The Government has put a stop to the Mill Rd highway. Photo / Michael Craig
Just across the Southern Motorway from Manukau Central is Mill Rd, a rural back road on the urban fringes of the Super City.
The narrow, two-lane road descends off Redoubt Rd into the countryside, weaving a path to Takanini and on to Papakura.
To the outsider, there is nothing unusualor special about Mill Rd. But to the rapidly growing population in South Auckland, politicians, planners and climate change activists, the road has become something of a millstone.
For more than 15 years, Mill Rd has been touted as a four-lane highway running parallel to the Southern Motorway between Manukau, Takanini, Papakura and Drury.
In recent years, the 21km corridor was billed as a safer, more reliable and accessible transport corridor to support an extra 120,000 people - a city the size of Dunedin - over the next 30 years.

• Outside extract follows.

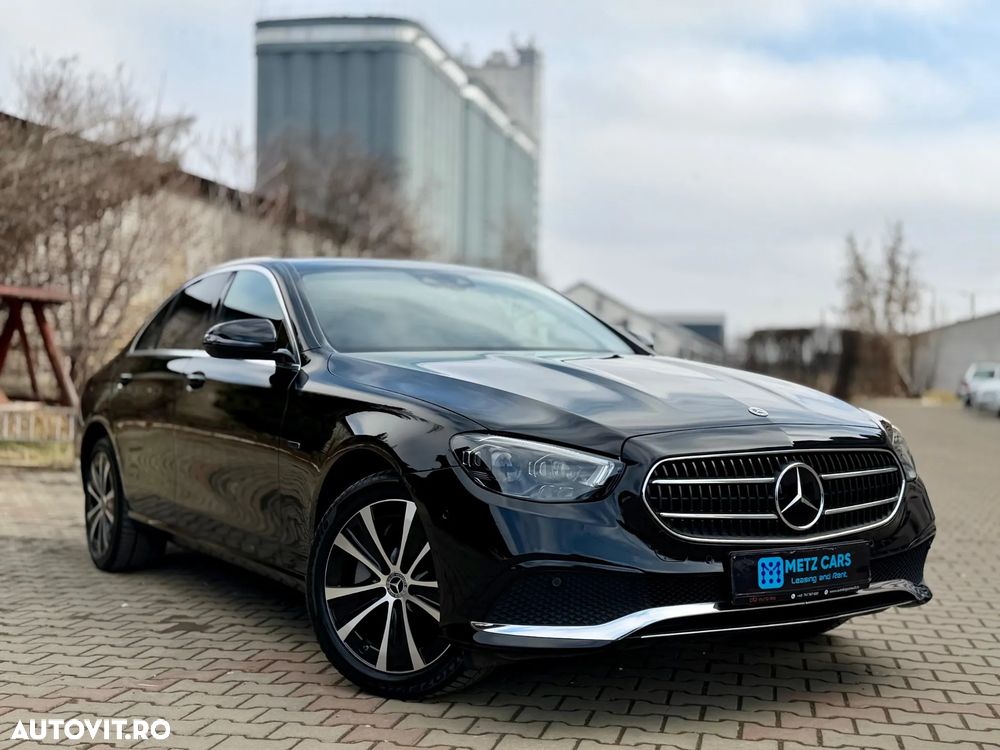 Mercedes-Benz E 300 4MATIC 9G-TRONIC Avantgarde - 1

Early last year, the Government made a firm commitment to fund and build Mill Rd, prompting a coalition of climate change activists to go to court to stop it.
Out of the blue 10 weeks ago, the Government did an about-turn and axed the four-lane highway for a two-lane safety-focused upgrade. To rub salt into the wound for South Auckland, it also scrapped the second stage of improvements to the Southern Motorway between Papakura and Drury.

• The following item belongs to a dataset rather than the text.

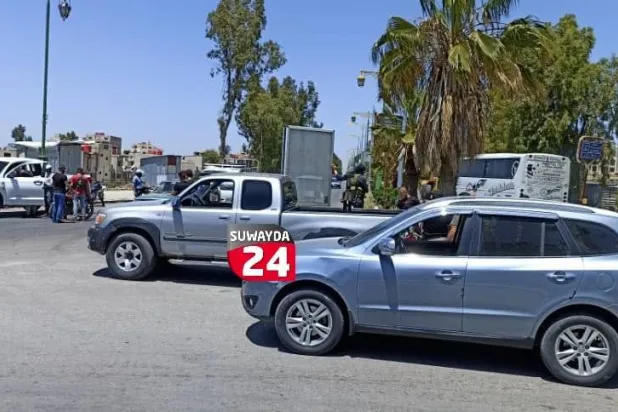 استنفار لمجموعات أهلية عند مدخل لسويداء احتجاجاً على اعتقال الأجهزة الأمنية 4 شبان (السويداء 24)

Transport Minister Michael Wood gave the rising cost from $1.3 billion to $3.5b and climate commitments as reasons for not proceeding with the highway.
But a previous confidential paper, released by Wood and Finance Minister Grant Robertson, also shows the ministers were warned by the Ministry of Transport about the consequences of scaling back Mill Rd.

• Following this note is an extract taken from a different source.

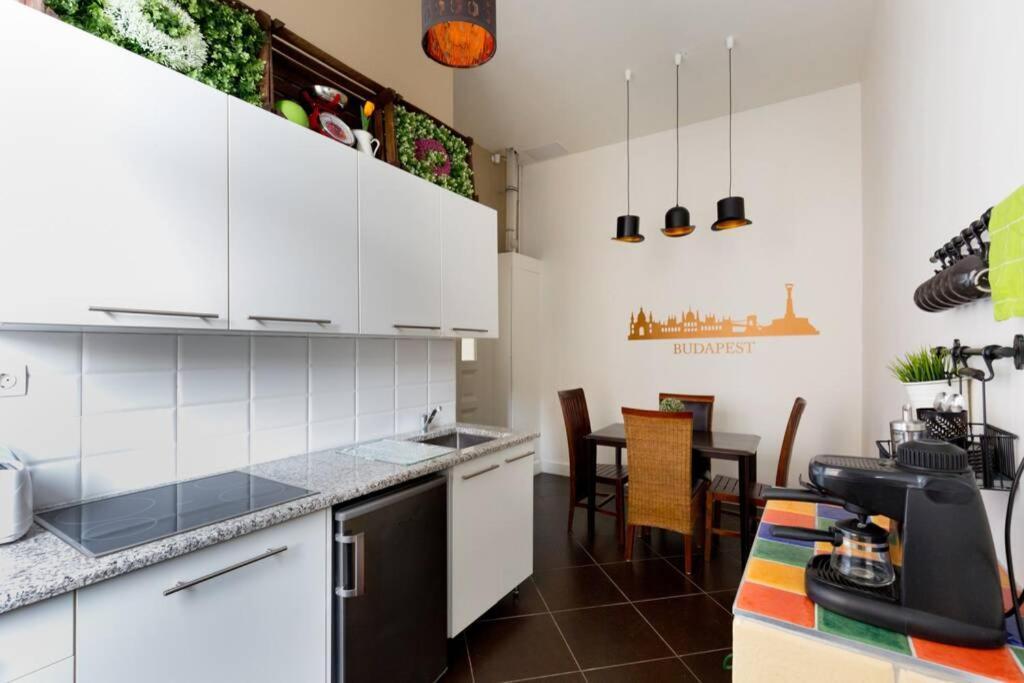 The Suite Mondain Apartment Budapeszt Zewnętrze zdjęcie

The Ministry of Transport paper said the shortened, two-lane version of Mill Rd at the north will improve access north of Papakura but will not have the capacity to support planned growth by Auckland Council and seven private plan changes along the corridor.
"Development of this reduced scope project would require careful balancing to ensure that the design of a new 2 lane Mill Rd addresses the immediate safety issues but is also able to be affordably expanded to 4 lanes in the future to provide for the surrounding growth areas," said the paper.
In other words, two lanes won't cut it. Four lanes are needed to support the urban and industrial/commercial growth in the South.
Wood did not say if he agreed or not with the warnings and consequences of scaling back Mill Rd, sticking with the official line that says the Government is investing $2.7 billion into the Drury area to unlock housing.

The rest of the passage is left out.